Somerville, a three time Emmy award winner at KTVU, is the anchor on the evening segments, airing from 5-10pm. He has been with the station since 1991—ten years after he first got his start as an intern at that very same station.

“I can’t say enough about the value of being an intern,” says Somerville, who has also worked at local station in Santa Rosa, Minneapolis, and Rhode Island.

When it comes to doing his job, Somerville is all about breaking boundaries. He doesn’t just sit comfortably behind his desk: he puts himself right in the center of the action.

“The more personal experiences I have, the better I am as an anchor,” says Somerville.

Somerville tells of the experience he had witnessing an execution of an inmate at San Quentin Prison who had raped a little girl before throwing her off a cliff to her death. What shocked him the most about the experience wasn’t the process or the looks on the family member’s faces: it was his own reaction.
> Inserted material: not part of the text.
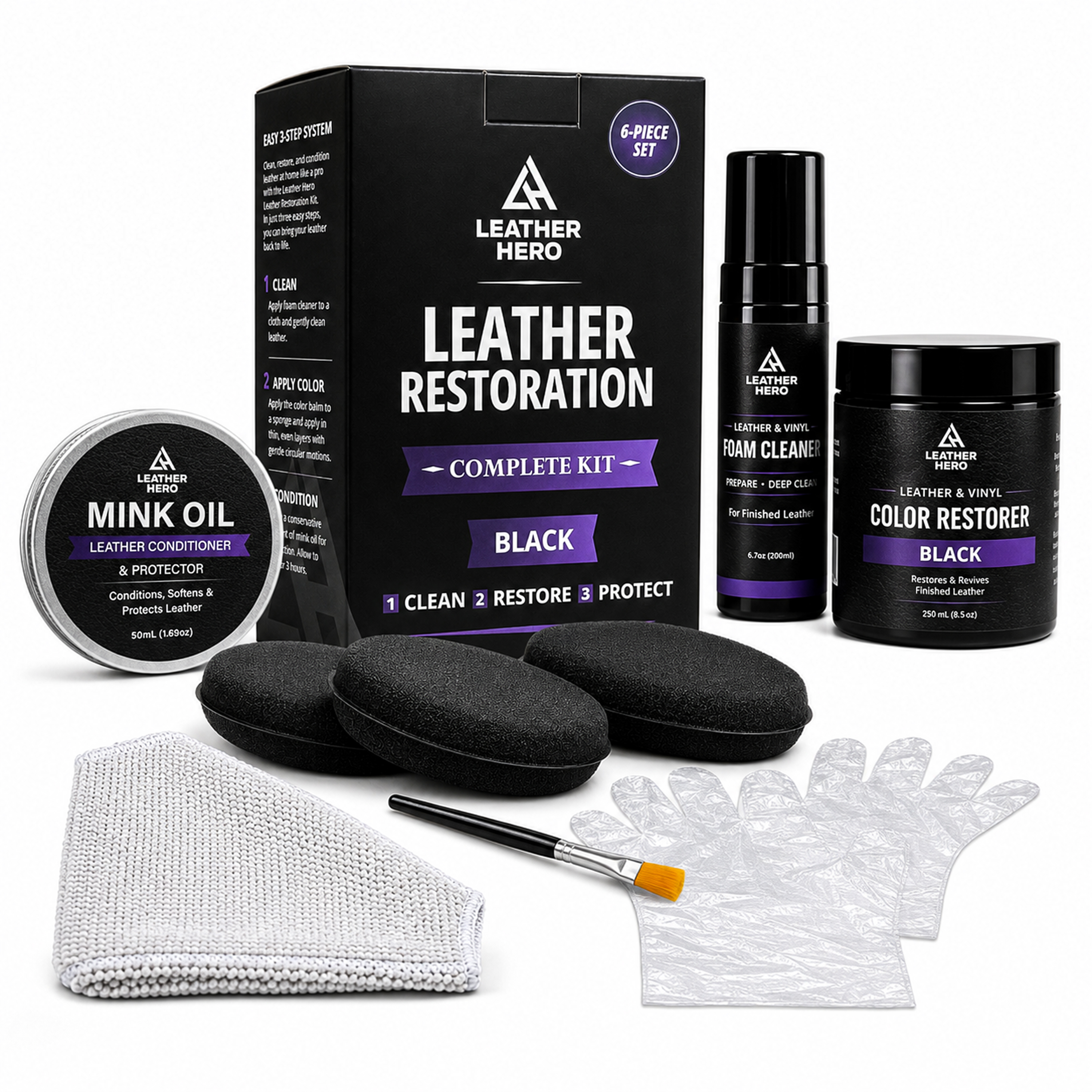 Leather Hero Leather Restoration Complete Kit main image — box, foam cleaner, black color restorer, mink oil tin, three sponges, cloth, brush and gloves laid out on white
“At the end of it, I didn’t care,” says Somerville, who is a father of two. “What I’ve learned in this business is that people don’t always think or react they way you think they should.”

Somerville has seen the other side to tragic situations, experiences which he believes help him be a better anchor.
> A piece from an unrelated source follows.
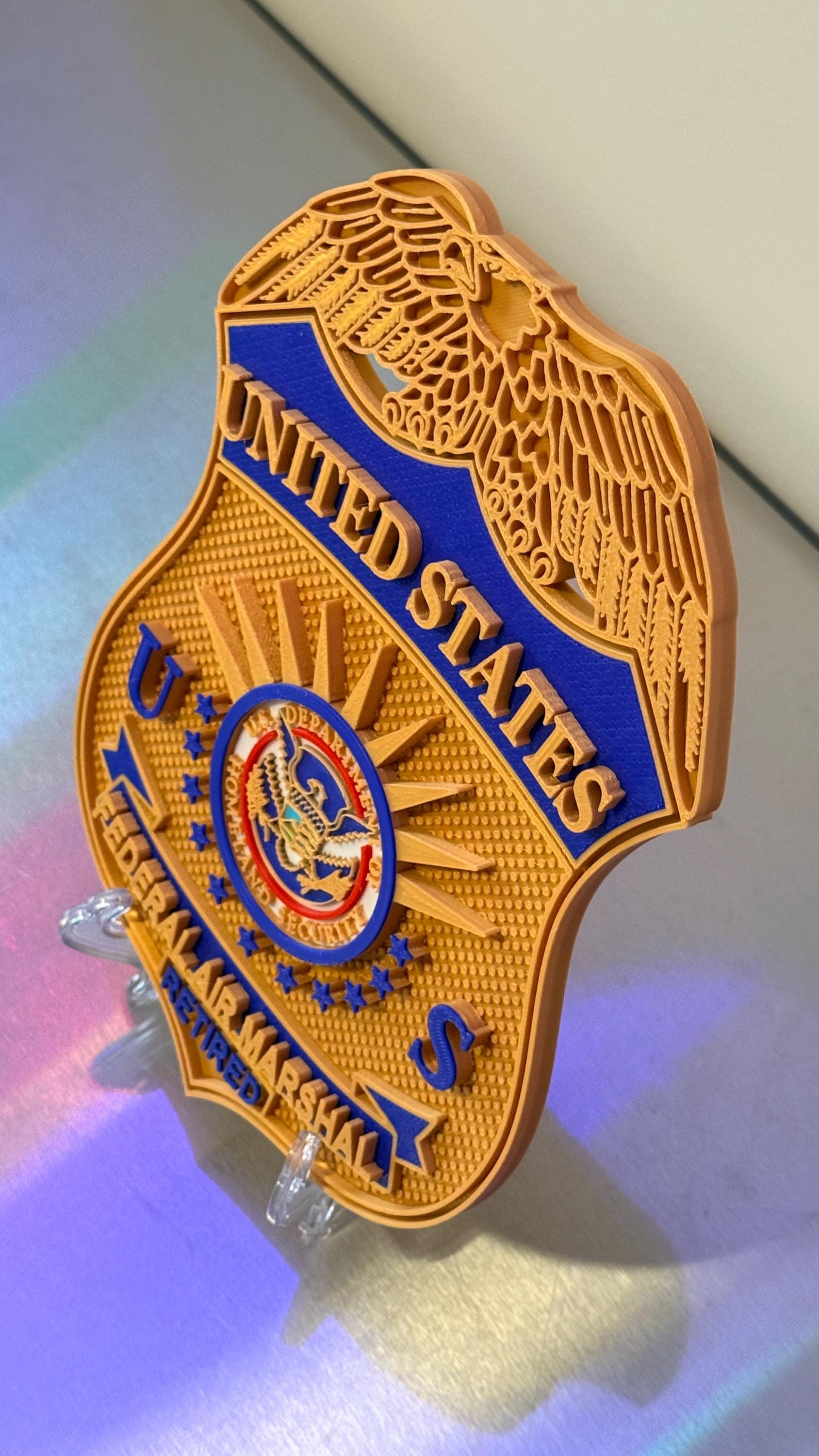 Federal Air Marshal 3D Badge Display Plaque Government Homeland Security Law Enforcement Officer Gift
“I don’t have a physically demanding job, but I have a mentally demanding one,” says Somerville.

Somerville is known to frequently attend funerals Oakland, usually ones that occur as a result of street crime. As hard as they are to attend, Somerville finds that the experiences help him tell the stories with greater compassion.

“These kind of things put things in perspective for me,” says Somerville, who describes a time when a mother he was talking to physically collapsed in his arms at her son’s funeral. “It’s really powerful to feel someone’s legs buckle from emotion.”

Somerville believes in having a certain passion while telling a story, finding a way to connect with the audience at home.

“I don’t want to feel fake telling a story,” says Somerville, who admits he sometimes passes a story along to his co-anchor if he doesn’t feel he can be genuine with it.

As for the changing ways of news distribution, Somerville says it is “super important” for the younger generation to stay informed, and believes there will always be a big demand for televised news stories.

“News affects everyone,” says Somerville. “It doesn’t affect me more just because I’m older.”

Even though he’s not a reporter, Somerville pledges that he will continue to make site visits before reporting a story, because he believes that connecting with victims is the best way to connect him to the story.

“I’ll take no for an answer, but it’s my job to ask,” says Somerville.

And he understands that these aren’t just lines he’s reading off of a script: these are real people’s lives.

“It’s not just #46 in Oakland,” says Somerville. “It’s a person. That’s why I do what I do.”